Your family prescribes Easter lamb and ham each year. While you are feasting on your ham: what kind of feasting does the Church prescribe for all of Easter?
Now that Lent is over and we celebrate Easter, what do we do? We know what to do during Lent, but all we think to do during Easter is feast. To know what true Easter feasting is, we need a true understanding of what Lent is…
What is Lent? One aspect of Lent that is particularly relevant is the spiritual combat against inordinate passions. According to St Thomas, there are uses of the passions (anger, sorrow, etc.) according to reason, and there are uses of our passions contrary to reason (gluttony, excessive or inappropriate anger, worldly sorrow, etc). It is a time for mortification, particularly interior mortification. We practice interior mortification by abstaining from the use of material things that are even neutral or good, especially those things which we desire.
By so doing, we begin to die to ourselves. Dying to self in its perfection means humbling ourselves to obey or serve legitimate authorities, even when we do not want to (such as various inconvenient civil ordinances about which end of the road to park on during winter). Mortification culminates in our uniting our suffering and self-denial with the suffering and death of Christ in his Passion. Our own death is the baptism into Christ recalled at the Easter Vigil, after which we will rise with Christ.
But there is no Resurrection without the Passion.
Now that we have completed Lent, we shouldn’t want to go back to the way things were. There is a joy in Easter, and in fact, the death to self fostered during Lent is part of that joy. The greatest joy is the new life we have from baptism into Christ. However, the old man needs to remain dead for us to abide in Christ. Rather than feasting like a glutton, therefore, here is how we should feast:
Therefore let us feast, not with the old leaven, nor with the leaven of malice and wickedness; but with the unleavened bread of sincerity and truth.
(1 Cor 5:8)
The old leaven is our sinfulness. According to St. Anselm, we have “a ferment with sin.” Our sinfulness is all of our old vices, our predominant passion, every evil we return to like a dog to its vomit. The leaven of malice and wickedness is the tendency towards sin and away from God. According to St. Anselm, a glance contrary to God’s Will dishonors God so much that it requires a great recompense. In a word, the old leaven is our inordinate passions.
But here we are in Easter, and so we are to feast on grace through the sacraments, which nourish us with the unleavened bread as we make our way out of the Egypt of sin. We must eat the unleavened bread of sincerity and truth, turning away from the idolatry of Egypt, eating quickly and in haste as Christ our true Passover helps us to escape. Sincerity and truth is essentially simplicity and the spirit of Christ, who always did His principal works in the light of day, as opposed to Judas, who perpetrated his final evil in the darkness.
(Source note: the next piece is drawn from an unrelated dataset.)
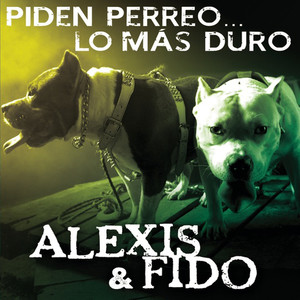 Me Quiere Besar (Album Version)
Indeed, the season of Easter is a season of grace, and the Easter obligation for receiving Holy Communion is there for a reason.
During the Easter Vigil itself, we renew our baptismal vows to renew our entry into the life of grace and redouble our commitment to a life in Christ. In our baptism we received sanctifying grace, and membership into the body of Christ. We entered into the death of Christ, after which we rise with Christ into new life: “For we are buried together with him by baptism into death; that as Christ is risen from the dead by the glory of the Father, so we also may walk in newness of life” (Rom 6:4). And we can renew these baptismal graces by taking on the ascetic life.
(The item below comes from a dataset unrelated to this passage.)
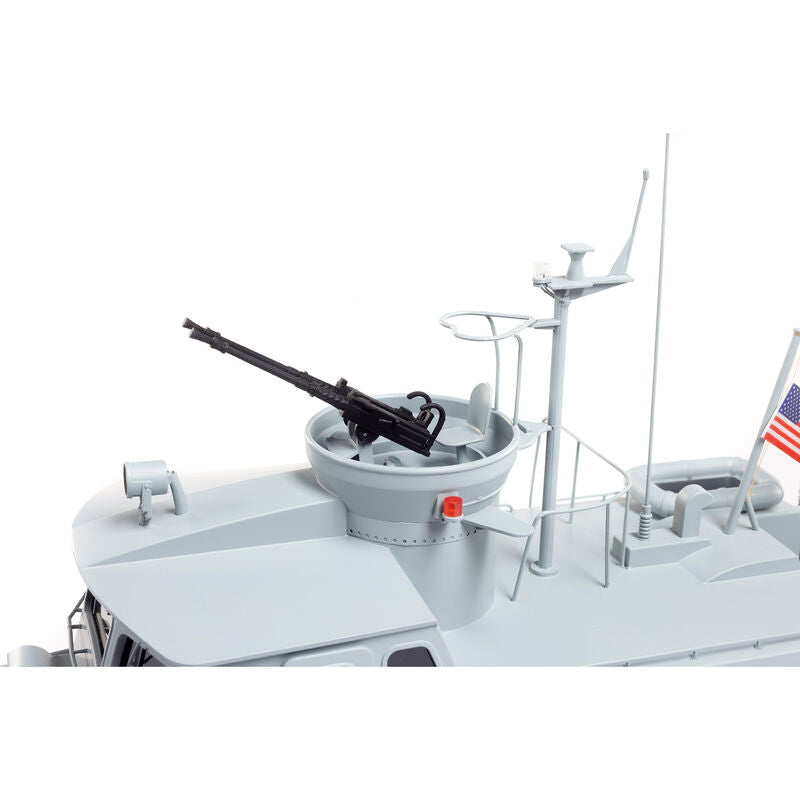 PCF Mark I 24” Swift Patrol Craft RTR - PRB08046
In the monastic ideal, the ascetical life is the entry into the cloister, which is, according to Peter of Celle, being lifted onto the cross-beam (patibulum) of the crucifix “[w]here Jesus with the thieves is suspended, but Jesus not because he deserved it, but because he willed it, but them because they deserved it, and not because they willed it” (Tractatus de disciplina claustrali, Cap. XVI). There we will be dead to the world, the flesh, and the devil, separated from worldly affairs in every way. Anselm Stoltz says that the ascetical life is like a second baptism, a “mystical death [achieved] by never separating yourself from Christ for empty pleasures”: we die to self for Christ and in Christ.
For the rest of us who are not monks, we can aspire to the ideal, but adapt it to our way of life. We can separate ourselves from the world with regards to our desires, not putting our heart into the things of the world. Not being worldly is not meant to be something easy, such as when we accept our own lack of wealth. That is easy enough for a reasonable Christian to accept. Rather, separating from the world means accepting truly unfortunate circumstances, instead of fearing or raging over not having a job or a home. Is such a thing possible for those of us not in a cloister? Indeed, there have been many non-monastic saints.
So how does the Church call us to feast? Easter is the greatest season of grace, and our “feast” is the Eucharist, which gives us sustenance and grace to live with and in Christ. With the help of God’s grace we will turn away from the world and put off “the old man, who is corrupted according to the desire of error” (Eph 4:22).
Finally, after properly feasting for Easter, we are told: “be renewed in the spirit of your mind: And put on the new man, who according to God is created in justice and holiness of truth” (Eph 4: 23-24).